Energy efficiency can help lower the high costs that go with this vast energy use. This could, in turn, lower grocery costs for Floridians – something that’s more important than ever with today’s inflated prices at the store.
While energy efficiency improvements can certainly help farming operations that use huge amounts of energy, they can also provide financial relief to Florida’s families in their living spaces. Modest home upgrades like window caulking, updated insulation and new air conditioning units can dramatically reduce the amount of energy homes use – and that lowers their electricity bills.
However, in order to make improvements like these, it’s critical for customers to be able to leverage rebates or access energy efficiency programs offered by their power company. Florida law requires utilities to provide meaningful energy efficiency programs to all the state’s residents. Unfortunately, Florida trails behind almost every state in the nation in capturing energy savings for customers through utility programs.
This gap can really affect farmers.
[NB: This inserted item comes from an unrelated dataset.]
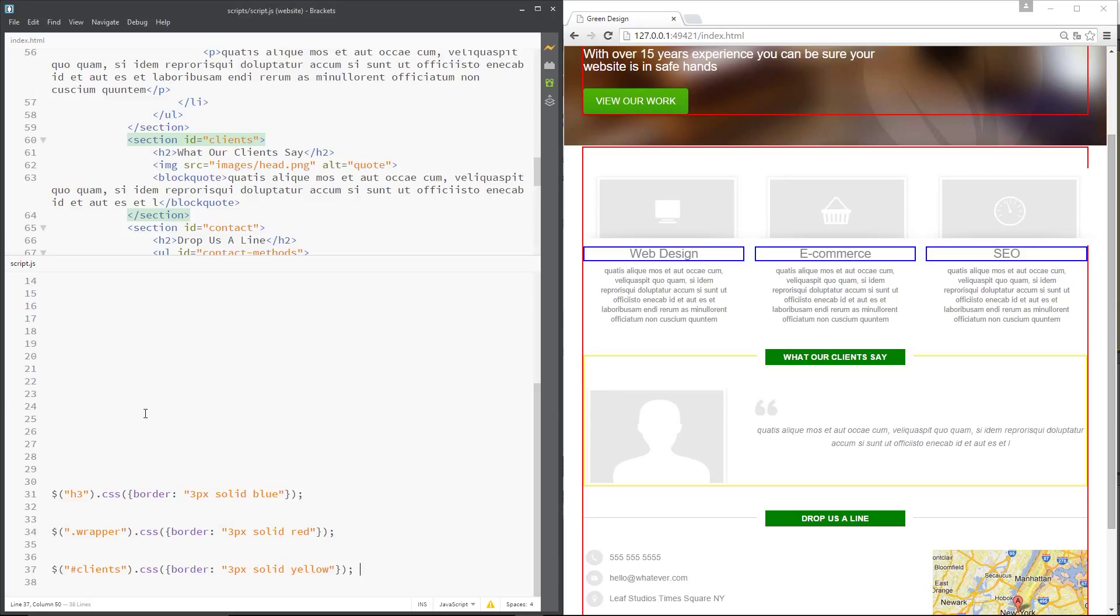We could use something called filters, which are a bit like pseudo classes in CSS. We're going to take a closer look at those in the very next tutorial.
As a Florida grower myself, I know that in order to make our agricultural operations more energy-efficient, farmers need programs that make these kinds of upgrades more accessible and financially attainable.
The Florida Public Service Commission – the agency that regulates the state’s biggest power companies – relies on outdated rules to set energy efficiency goals for the state’s utilities. The rules actually haven’t been updated in three decades, and a number of utilities have used these antiquated rules to support energy savings goals of zero for customers. Florida can and must do better for the families and businesses that call this state home.
The commission has the power to act and make substantive rule changes that would modernize outdated practices that keep Floridians from experiencing real relief on their power bills. Energy efficiency is a resource we aren’t tapping into. Other states meaningfully invest in it, and so should Florida.
Our state leaders should be able to get behind using energy smarter and cutting waste while saving money and keeping energy dollars closer to home, where they drive economic development.
Farmers have plenty of opportunities to save both energy and costs, on everything from irrigating crops and drying grain to lighting barns and silos or refrigerating products. They, along with most Florida families and businesses, just need realistic energy efficiency programs that would make it possible.
It’s time for Florida to start using energy smarter, and the first step is modernizing our energy efficiency rules.
Scott Kirouac is a managing partner with Big Sky Growers, Inc. and a Highlands County Commissioner. He has been a Highlands County Farm Bureau member for over 20 years and previously served as its president.